だそうだ。最近はそうでもないかもしれないが、坊さんというとなんだか清いイメージがあったり素晴らしい人格者だったりするイメージがあると思う。これは教師や医者にも当てはまるのかもしれないが、ときには聖職者だなんて呼ばれることもある。
世間がそんなたいそうなイメージを持っているものだから、誠実なお坊さんはその理想像に近づこうと必死に頑張るだろう。しかし、ロバートフリッツ氏が言うには「自分はこうでなければならない」という理想は身体にとって慢性的な脅威となる。
こうありたいという理想の裏には、実際はそうではないという自意識が隠れているという。
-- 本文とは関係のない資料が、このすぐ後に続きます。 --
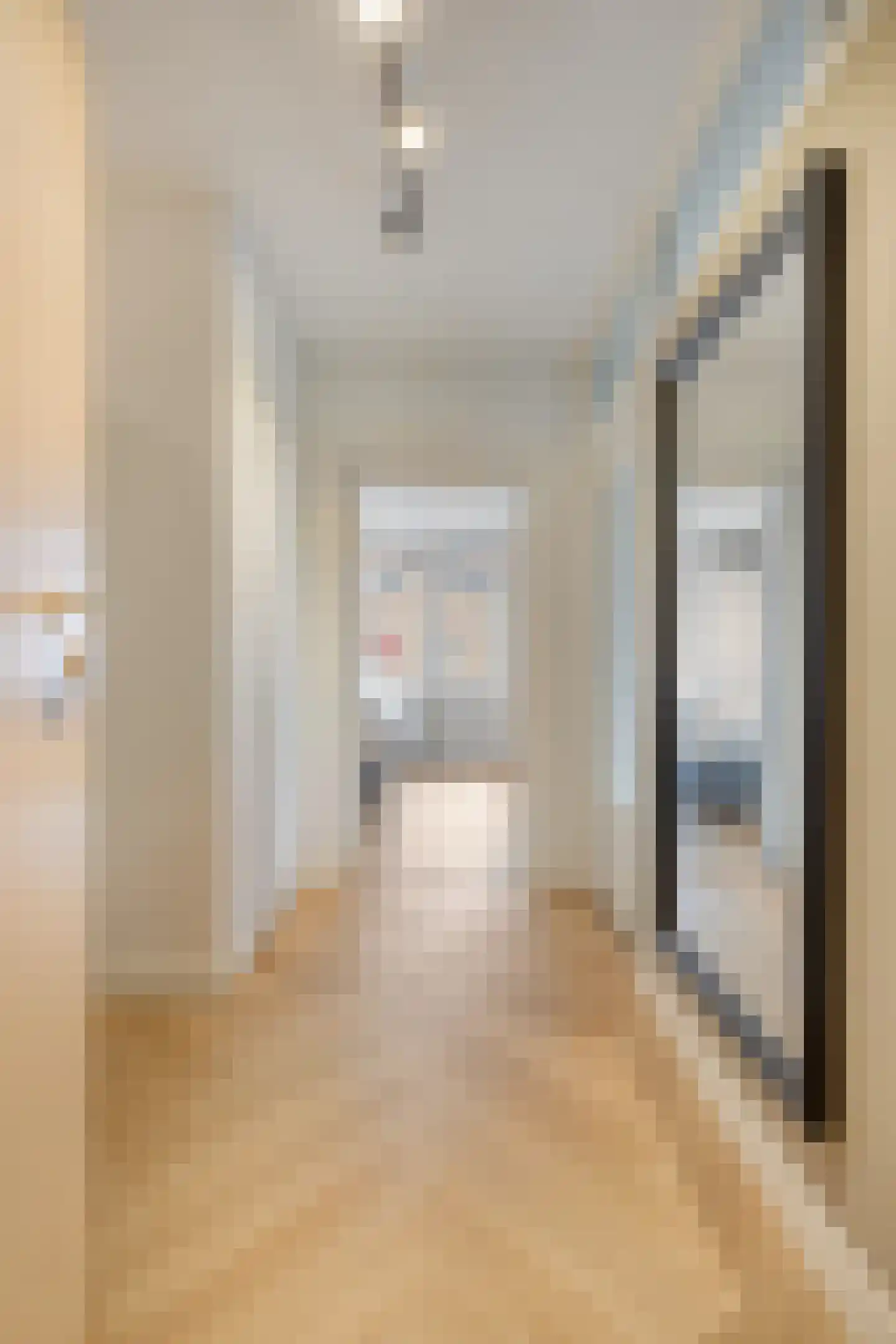 Sibogastraat 93 Amsterdam thumbnail 13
そしてこれは作用反作用のごとく、片方に近づこうとすれば片方が強まるとのことだ。
そうであるならば、常に世間から聖人君主像を求められ、それに必死に答えようとする坊さんたちは非常にリスクにさらされているということになる。本当はなまけ者なで、そのことも自分自身よくわかっているのに、理想像で自分を覆ってしまうことに心当たりがある禅僧?!は少なくないだろう。
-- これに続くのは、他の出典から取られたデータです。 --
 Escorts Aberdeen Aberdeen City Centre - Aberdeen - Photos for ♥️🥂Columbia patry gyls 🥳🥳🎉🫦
つまり坊さんはすぐにでも悟らなくてはならない。仏教の教えの根幹のひとつに諸法無我がある。諸法無我とは簡単に言えば、”変わらない自分”などないというものだ。”自分”などあやふやなものなのだから「自分はこうでなければならない」という問いは成立し得ないし、考えてもしょうがない。しかしこれは悟りの内容だ。悟ってなければわからない。だから一刻も早く悟らなければ、坊さんの寿命は縮まるばかりだ。急げ、世の坊さんたちよ。